Having located "ぴゅぴゅっと消火！おしごと変形消防署　トミカの画像", write out its line and the remaining lines of the material exactly, the last one included, but not the pictures.

THE DATA |
..............................
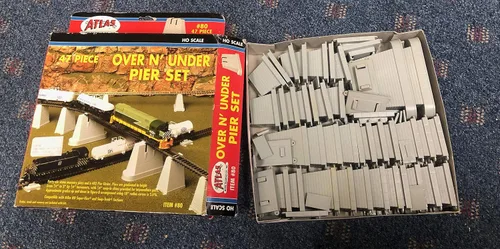 Miniatura 5 de Juego de muelles (juego de 47 piezas) HO Scale Atlas Trains
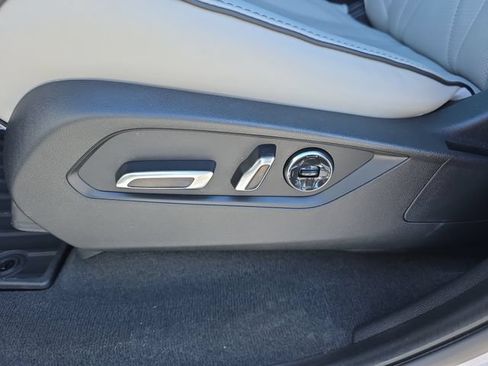 Certified 2025 Acura MDX SH-AWD w/ Advance Package image 27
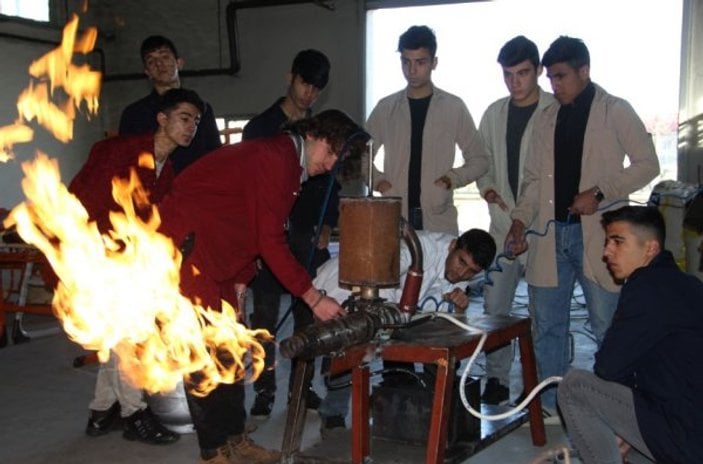 Öğrenciler itme kuvvetli LPG’li jet motoru yaptı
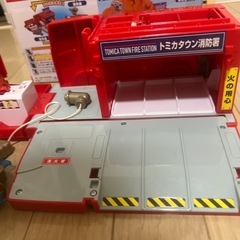 ぴゅぴゅっと消火！おしごと変形消防署　トミカの画像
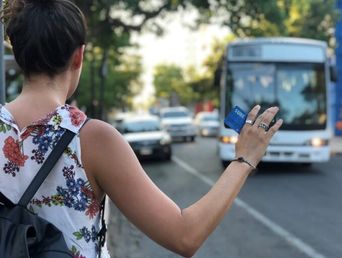 Una persona esperando el colectivo. Una persona esperando el colectivo.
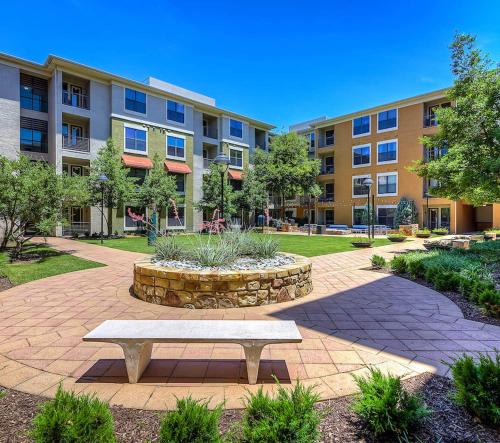 Luxury 2bed 2bath @ Stonebriar in Frisco allows 18 year olds to book a room in Frisco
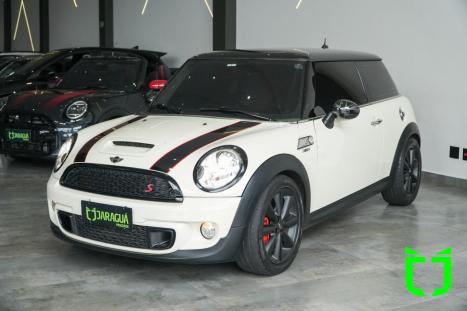 MINI Cooper 1.6 16V S TURBO AUTOM�TICO, Foto 3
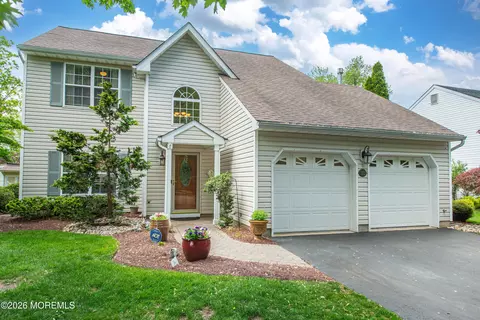 91 Nutmeg Rd, Aberdeen, NJ 07747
..............................
SOLUTION FOR THIS EXERCISE |
 ぴゅぴゅっと消火！おしごと変形消防署　トミカの画像
 Una persona esperando el colectivo. Una persona esperando el colectivo.
 Luxury 2bed 2bath @ Stonebriar in Frisco allows 18 year olds to book a room in Frisco
 MINI Cooper 1.6 16V S TURBO AUTOM�TICO, Foto 3
 91 Nutmeg Rd, Aberdeen, NJ 07747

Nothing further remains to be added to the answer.